### Directions for this task
The answer must consist of every line from the entries that holds the word "Long".

BEGIN Extracted records

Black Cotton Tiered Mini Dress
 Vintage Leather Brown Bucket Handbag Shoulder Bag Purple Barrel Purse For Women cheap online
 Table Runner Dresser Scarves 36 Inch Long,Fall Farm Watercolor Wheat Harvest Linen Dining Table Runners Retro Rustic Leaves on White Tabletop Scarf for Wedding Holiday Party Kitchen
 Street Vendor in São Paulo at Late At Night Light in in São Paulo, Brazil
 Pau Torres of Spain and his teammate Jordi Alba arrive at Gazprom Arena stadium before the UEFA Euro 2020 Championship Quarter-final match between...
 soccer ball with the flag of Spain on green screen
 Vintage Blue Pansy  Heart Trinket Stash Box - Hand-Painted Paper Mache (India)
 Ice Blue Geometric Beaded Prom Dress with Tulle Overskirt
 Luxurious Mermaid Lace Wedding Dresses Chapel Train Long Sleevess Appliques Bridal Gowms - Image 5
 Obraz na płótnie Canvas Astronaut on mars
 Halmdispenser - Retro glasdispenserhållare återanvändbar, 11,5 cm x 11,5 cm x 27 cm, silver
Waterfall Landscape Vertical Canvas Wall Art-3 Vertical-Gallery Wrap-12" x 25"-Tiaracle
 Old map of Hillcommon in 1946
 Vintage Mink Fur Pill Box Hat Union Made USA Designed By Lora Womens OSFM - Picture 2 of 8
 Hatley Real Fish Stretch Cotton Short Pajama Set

END Extracted records

### Solution to this problem
 Table Runner Dresser Scarves 36 Inch Long,Fall Farm Watercolor Wheat Harvest Linen Dining Table Runners Retro Rustic Leaves on White Tabletop Scarf for Wedding Holiday Party Kitchen
 Luxurious Mermaid Lace Wedding Dresses Chapel Train Long Sleevess Appliques Bridal Gowms - Image 5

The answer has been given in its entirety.